EXERCISE MATERIAL Start Marker
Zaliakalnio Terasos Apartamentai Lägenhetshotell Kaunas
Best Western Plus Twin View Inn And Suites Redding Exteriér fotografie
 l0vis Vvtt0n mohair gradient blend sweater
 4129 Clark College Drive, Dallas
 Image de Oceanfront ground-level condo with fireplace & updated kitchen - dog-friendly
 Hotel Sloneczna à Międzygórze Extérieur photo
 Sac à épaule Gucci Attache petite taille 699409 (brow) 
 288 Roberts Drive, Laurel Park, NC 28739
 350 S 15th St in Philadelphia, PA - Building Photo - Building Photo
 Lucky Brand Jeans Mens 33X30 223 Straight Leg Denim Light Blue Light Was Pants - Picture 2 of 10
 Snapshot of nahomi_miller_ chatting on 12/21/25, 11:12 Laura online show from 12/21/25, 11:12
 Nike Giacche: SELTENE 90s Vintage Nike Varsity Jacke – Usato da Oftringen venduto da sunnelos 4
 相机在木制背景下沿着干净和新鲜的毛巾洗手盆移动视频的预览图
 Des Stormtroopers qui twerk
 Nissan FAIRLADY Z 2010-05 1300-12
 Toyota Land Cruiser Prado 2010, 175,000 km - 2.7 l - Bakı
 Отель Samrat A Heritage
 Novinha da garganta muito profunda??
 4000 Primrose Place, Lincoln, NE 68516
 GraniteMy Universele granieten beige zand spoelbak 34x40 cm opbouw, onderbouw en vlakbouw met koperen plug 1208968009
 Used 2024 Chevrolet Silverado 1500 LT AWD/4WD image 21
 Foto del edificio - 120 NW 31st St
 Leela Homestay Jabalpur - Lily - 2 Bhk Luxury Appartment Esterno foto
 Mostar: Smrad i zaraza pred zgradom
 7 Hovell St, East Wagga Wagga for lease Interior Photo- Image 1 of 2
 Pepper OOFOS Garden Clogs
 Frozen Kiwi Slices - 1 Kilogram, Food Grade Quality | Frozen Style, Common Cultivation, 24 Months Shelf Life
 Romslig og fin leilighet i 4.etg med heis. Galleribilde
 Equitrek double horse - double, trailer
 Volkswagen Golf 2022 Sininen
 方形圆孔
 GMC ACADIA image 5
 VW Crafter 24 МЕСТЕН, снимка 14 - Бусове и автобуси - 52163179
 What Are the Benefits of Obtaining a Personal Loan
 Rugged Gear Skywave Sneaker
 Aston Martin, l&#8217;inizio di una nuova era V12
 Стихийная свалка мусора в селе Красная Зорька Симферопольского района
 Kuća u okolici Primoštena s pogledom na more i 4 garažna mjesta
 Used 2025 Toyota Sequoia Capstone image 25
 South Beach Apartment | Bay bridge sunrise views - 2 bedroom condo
EXERCISE MATERIAL End Marker
= DESCRIPTION OF THE TASK =
A complete answer gives every line of the data that includes "Used".

= SOLUTION TO THIS EXERCISE =
 Used 2024 Chevrolet Silverado 1500 LT AWD/4WD image 21
 Used 2025 Toyota Sequoia Capstone image 25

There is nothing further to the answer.